▶ Exercise:
Only the lines from the beginning of the data through the line holding "Grabbing my polygon" belong in the answer, printed exactly and without pictures.

(Saved data entries)

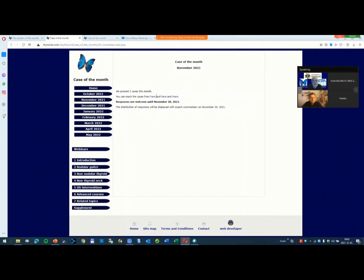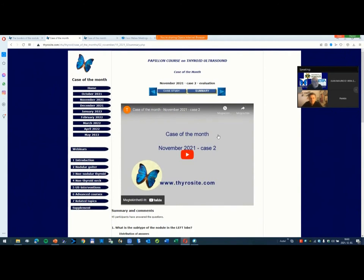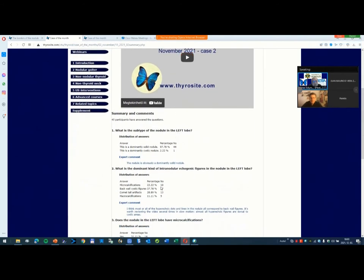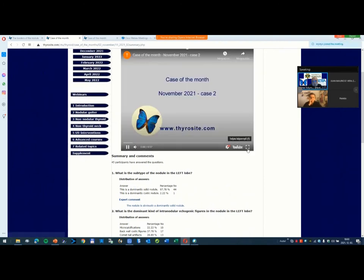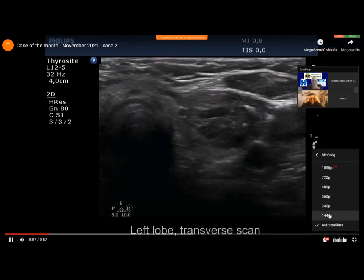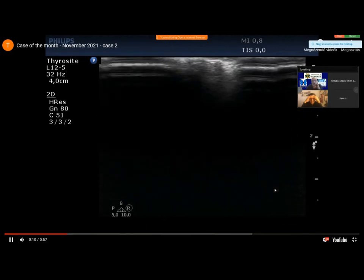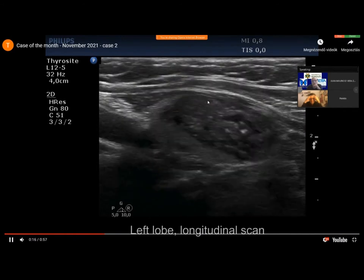Here we are in November. I will make some comments about the second case. As you can see, there was a high disagreement about the second question about the dominant intranodular echogenic figure in the left lobe nodule. I will show first the video. This nodule was in question.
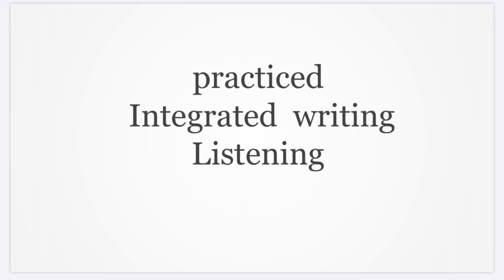I wrote fewer memos than usual and focused on listening, and I think it's better. For the regular listening section, I think it's better not to write down notes. But I'm concerned about integrated writing - because for writing we need some information from the listening part.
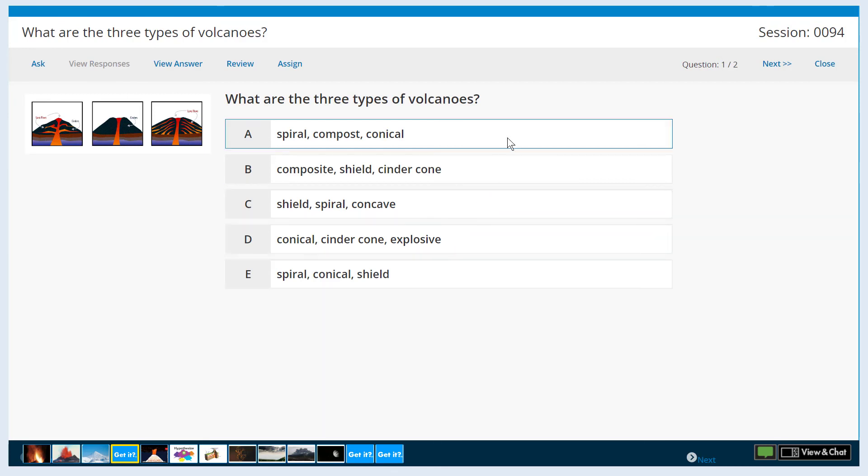Note that student users can locate GetIts in a search, but they do not have access to preview or launch a GetIt, and will not see GetIts that have been added to a playlist at this time.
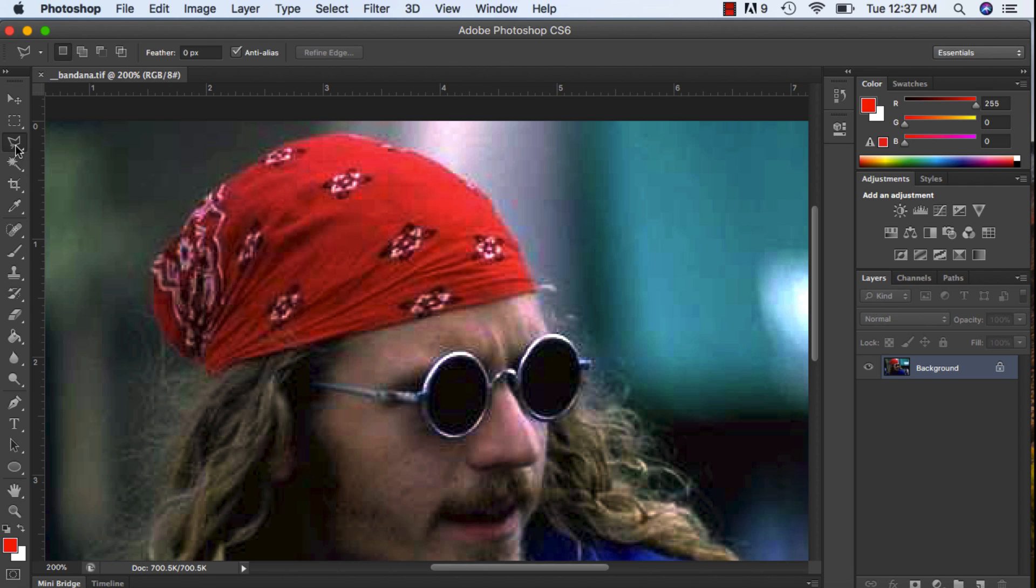Grabbing my polygon lasso tool, I'm going to click, click, click, just going around his bandana.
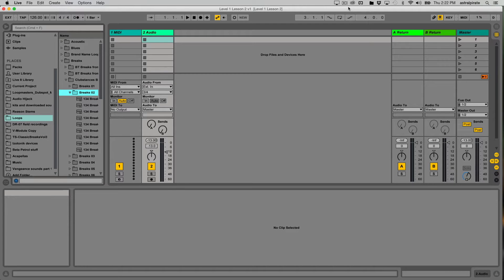Let's revisit the idea of the clip in Ableton Live. The clip is really the heart and soul of the program because clips contain all of the content — whether it's audio loops, one-shot samples, MIDI notes — everything is placed inside a clip. When you combine all these clips together, that's when beautiful music starts to happen.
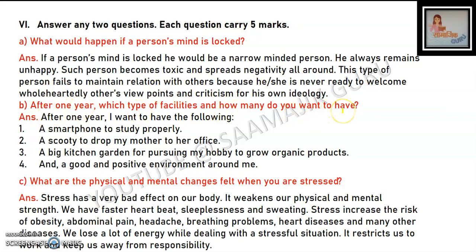After one year, which facilities do you want? After one year, I want a smartphone so that I can study well, a scooty so that I can help my mother get to the office, and a big kitchen garden for pursuing my hobby of gardening and growing organic products without chemicals.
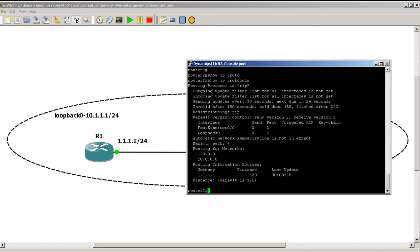If it hits 240 seconds - and that's a long time, that's four minutes - then that route is actually taken out of the routing table. We'll actually see that in a future video where we'll change the timers and see how that can quicken things up a bit.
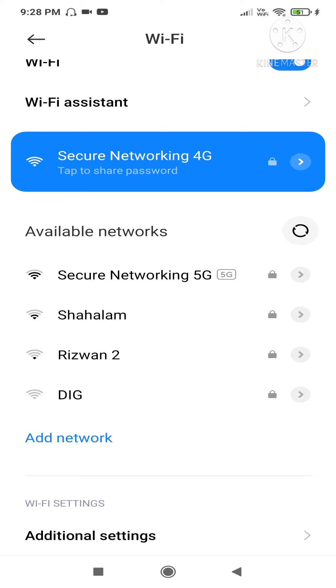You have to click on any other WiFi network available in your area or in your surrounding.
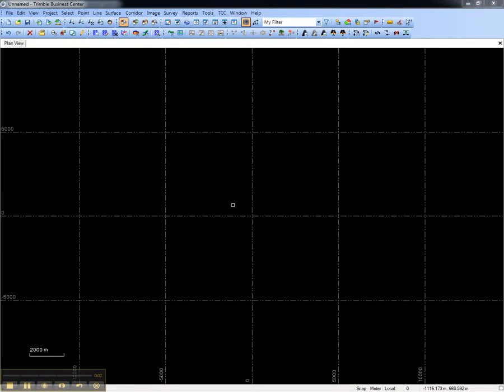This video shows how to configure baseline processing styles in Trimble Business Center. Baseline processing styles allow you to quickly change the way Trimble Business Center will process GNSS vectors.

▶ Problem solution:
Here we are in November. I will make some comments about the second case. As you can see, there was a high disagreement about the second question about the dominant intranodular echogenic figure in the left lobe nodule. I will show first the video. This nodule was in question.
I wrote fewer memos than usual and focused on listening, and I think it's better. For the regular listening section, I think it's better not to write down notes. But I'm concerned about integrated writing - because for writing we need some information from the listening part.
Note that student users can locate GetIts in a search, but they do not have access to preview or launch a GetIt, and will not see GetIts that have been added to a playlist at this time.
Grabbing my polygon lasso tool, I'm going to click, click, click, just going around his bandana.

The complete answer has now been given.